New Review: Not My Father’s Son

Content note: mentions of physical abuse

In reading celebrity reviews, I either seek out someone I know and like or someone about whom I’m curious. I knew Alan Cumming, but I hadn’t watched any of shows. I don’t live where I could see him in live theater. I wasn’t terribly curious about him. However, I do love  memoirs and when Not My Father’s Son51vw6-jmdsl was a daily Amazon deal ($1.99), I was definitely at least that curious to read the story.

The memoir is a alternating set of flashbacks to a tormented childhood and its aftermath and an account of contemporary events, including a search into the history of his grandfather, who died years before under mysterious circumstances. That description likely makes the book seem choppy, but the narratives flow and the style gives the reader a chance to catch his/her/their breath after the chapters that feel like a punch to the gut.

The power of the story lies in Cumming wrestling with how the past shapes him.
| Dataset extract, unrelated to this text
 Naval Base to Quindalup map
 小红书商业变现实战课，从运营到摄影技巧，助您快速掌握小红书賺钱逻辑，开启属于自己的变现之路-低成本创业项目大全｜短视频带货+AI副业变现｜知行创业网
Our pasts both inform and form our future. Each of us has to make a decision about whether to live in the negative space (defined by what we are not) or in the positive space (defined by what we are). Cumming is sifting through the negatives and positives of his history to discern his own shape and how it is defined.

Is his father actually his father? If his father is his father and his physical abuser (as opposed to one or the other), how much of that is a defining percentage of his life experience? If his grandfather was a hero, how does he fold that late knowledge into his self understanding? If the women of Cumming’s family history are strong and resilient, how does he embody those own traits within himself.

Cumming writes through how playing roles, including playing himself, helps him to sort through the fire hose of information that is presented to him. He acknowledges that the pace of his acting career, at times, allows him to hide within roles or to use them to parse out his own thoughts. He is fully present in his roles, which is its own kind of exhaustion- something that he welcomes and resists, depending on what else is happening.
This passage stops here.